Amid asking each other for a tube of toothpaste in the green room before their performance and finally finding a tube to brushing their teeth at the sink, the members of CAST-an acronym of the musicians’ last names (Coryell, Auger, Sample, and the “T” stands for Trio)-discuss their backgrounds , musical influences and the mixed blessing of the Internet.
“I started the bass when I was sixteen,” said Nick Sample, a self-confessed “LA boy” who grew up in Inglewood and Hollywood. The latter is where he attended the Musician’s Institute before moving to Boston to attend the Berklee College of Music.
“I have ’em all in cassette,” said co-Berklee College-alumnus Julian Coryell, referring to the recordings of jazz guitarists Scott Henderson, John Scoffield, and Pat Matheny. “I still have a cassette collection.”
As the twenty-somethings who trickled in just before the show can attest, Julian Coryell seems like a pacified and beatific version of the guitarist Slash of Guns ‘N Roses. On the raunchier songs the group performs later in the evening such as the funk-inspired “Coolidge Returns,” his Medusa ringlets steam as he fingers his guitar into masturbatory frenzy.
Having grown up with music, Coryell has seen many changes, among which are the role of the major labels, which he says are “relics of the past that have lost their power because of technology.”
The major labels’ domain was traditionally through radio and television. But the Internet has shifted the paradigm. Still, he says, the competition is tighter since there are more players on the field.

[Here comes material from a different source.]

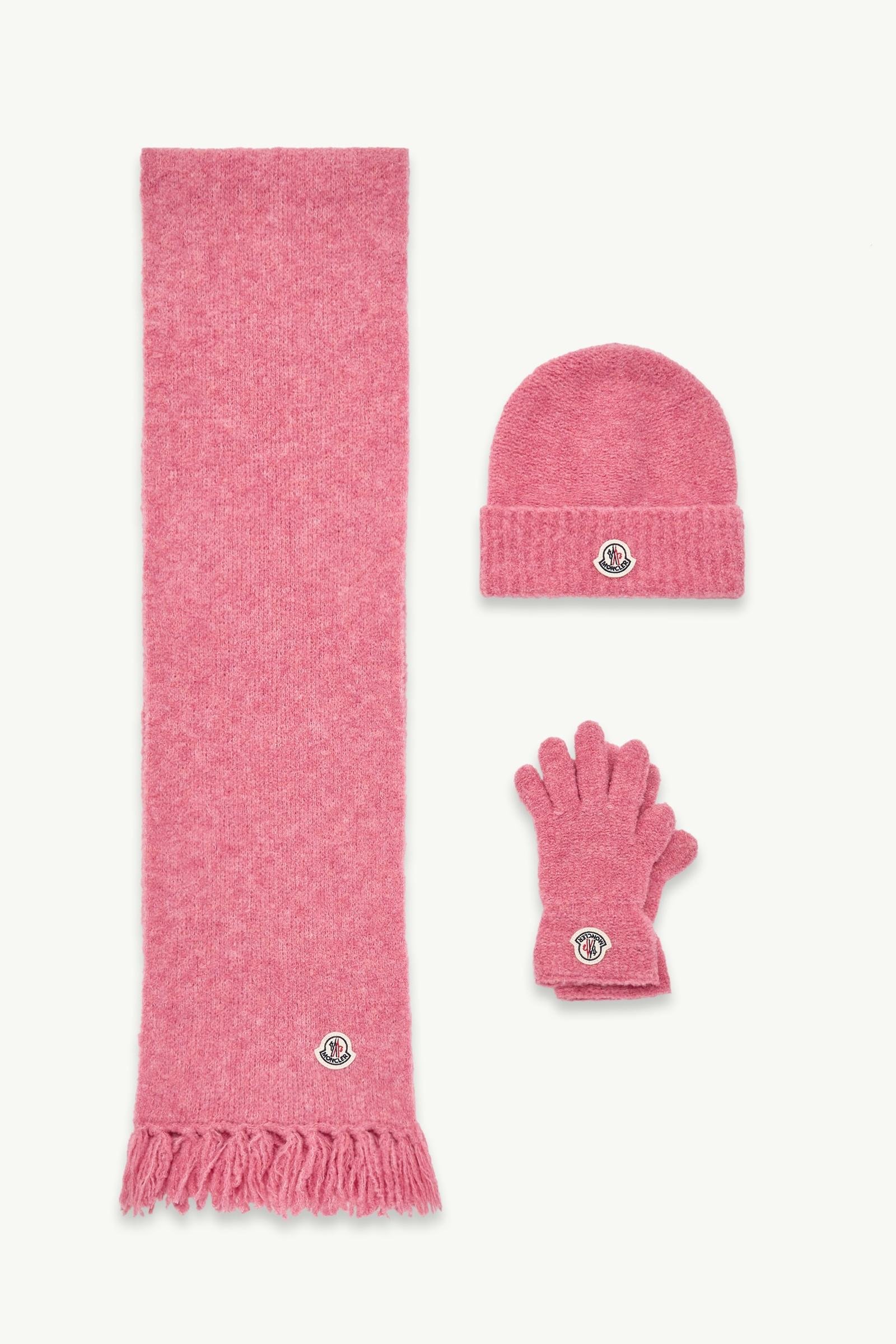 Beanie, Scarf and Gloves Set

“It’s a mixed blessing. It’s hard to know who to listen to.”
“Internet has flooded the market with (so much) music that it’s daunting,” chimes in London-born Karma Auger, who didn’t start playing drums until he was twenty years old. He “didn’t want to jump straight into it,” because he wanted to have a carefree youth. “It’s a bit of a pendulum. But it’s been a gigantic help. Our parents would have dreamed of that.”
Most of the gray-haired attendees of Jazz 88.3’s evening presentation of the group CAST had a vague clue of what to expect.”I’m here in the interest of jazz and young jazz artists,” said Rick Vallese.
Those who had any clue only knew CAST’s fathers. “I have some of their fathers’ discs,” said Dave, an audience member, describing their fathers’ music as “screaming into the outer zones.”
“I’m very fond of Joe Sample,” said John Bruno, a “card-carrying member” of 88.3, noting that any performance by their offspring will be “a rejuvenation of what their parents did.”
Whatever the audience expected or didn’t, they were cheering and applauding and even laughing at Nick Sample’s one-liners towards the end of the evening.
To the paso doble trance of the quiet “The Spanish” to the pulsating chords of “Purple Panther” to the overamped sound of “Walk of the Dragon, “the last so highly acidic it could have upstaged Chernobyl by melting the brick walls of the Saville, CAST delivered.